Paradox Might be Getting Serious About Bringing its Grand Strategy Games to Mobile

Crikey. That'd be quite a move (!) Can't imagine playing CK on a mobile, but I can see this triggering serious difficulties detaching from t'iPad 

Also, the fuck is Stellaris? I've clearly missed this one.


----------



## mrs quoad (Mar 18, 2016)

One of these days, I'll get a reply to a mobile gaming thread, dammit!

*shakes fist*


----------



## tommers (Mar 18, 2016)

Stellaris isn't released yet.  Its some super space strategy game they're doing.  
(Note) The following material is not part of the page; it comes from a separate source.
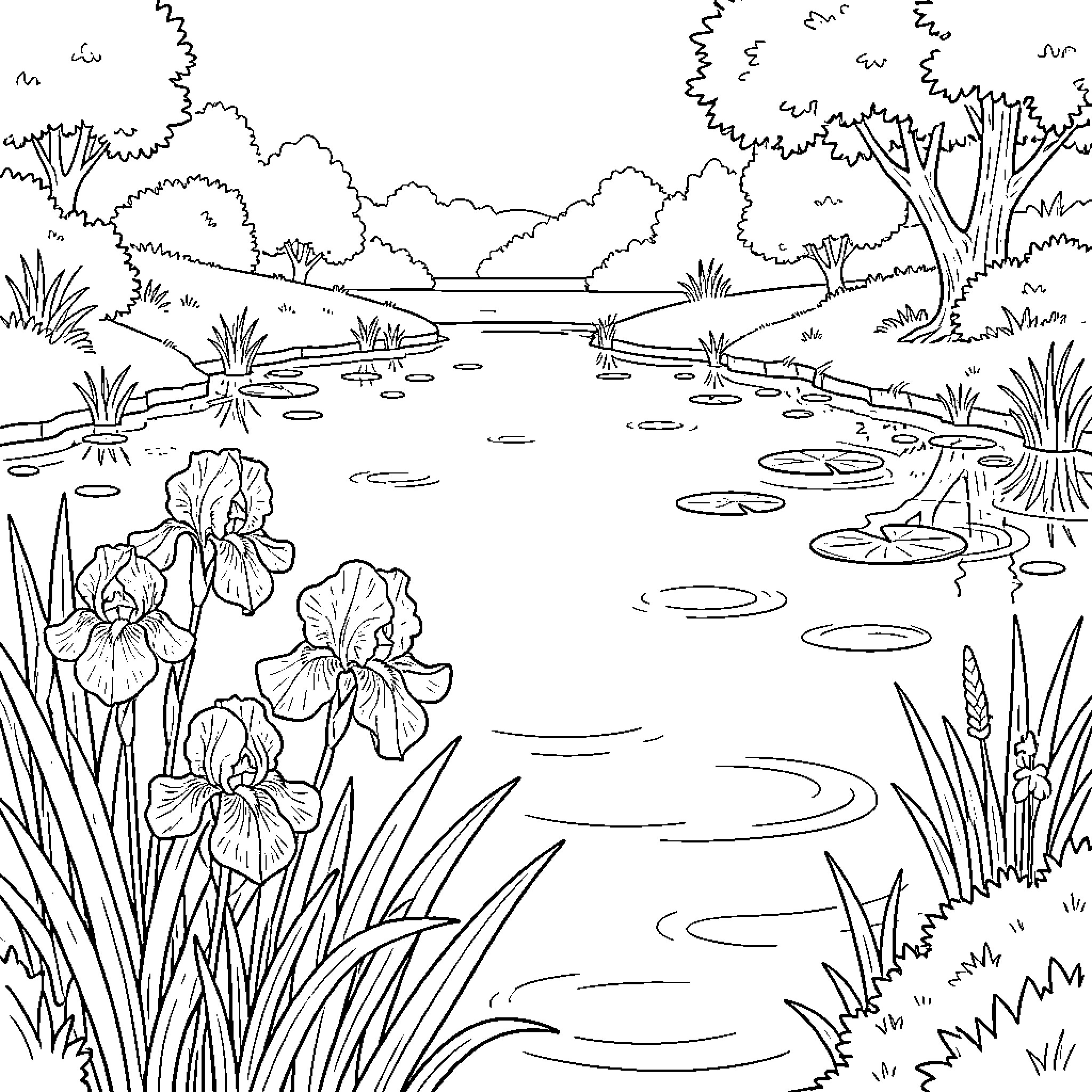 Iris Blooming by the Serene Pond Coloring Page (free black-and-white line drawing printable PDF for all, from beginners to advanced learners, including children, teens, adults, and seniors)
How would a phone cope with something like CK?


----------



## mrs quoad (Mar 19, 2016)

tommers said:


> How would a phone cope with something like CK?


I wonder this too (!)

Will have to keep enough in the kitty for an emergency iPad, should the requirements look a bit too hairy. 

I presume there was a ck1, too? Wonder what the system reqs are for that...


----------



## J Ed (Mar 20, 2016)

Stellaris looks great but I really want to play HOI4 which apparently is out in may


----------



## YouSir (Mar 22, 2016)

That could consume my existence, EU4 in the bath would ruin me.


----------



## mrs quoad (Jul 22, 2016)

Fucking storybook LOL. 

Crusader Kings: Chronicles (by Paradox Interactive) - Touch Arcade

I bought it on a whimsy, because I) Crusader Kings!; and ii) I'd been particularly financially well behaved this week and was looking for an excuse for a treat. 

Not sure why. Really CBA with storybooks, and suffered buyers remorse almost instantly. 

Oh well.


----------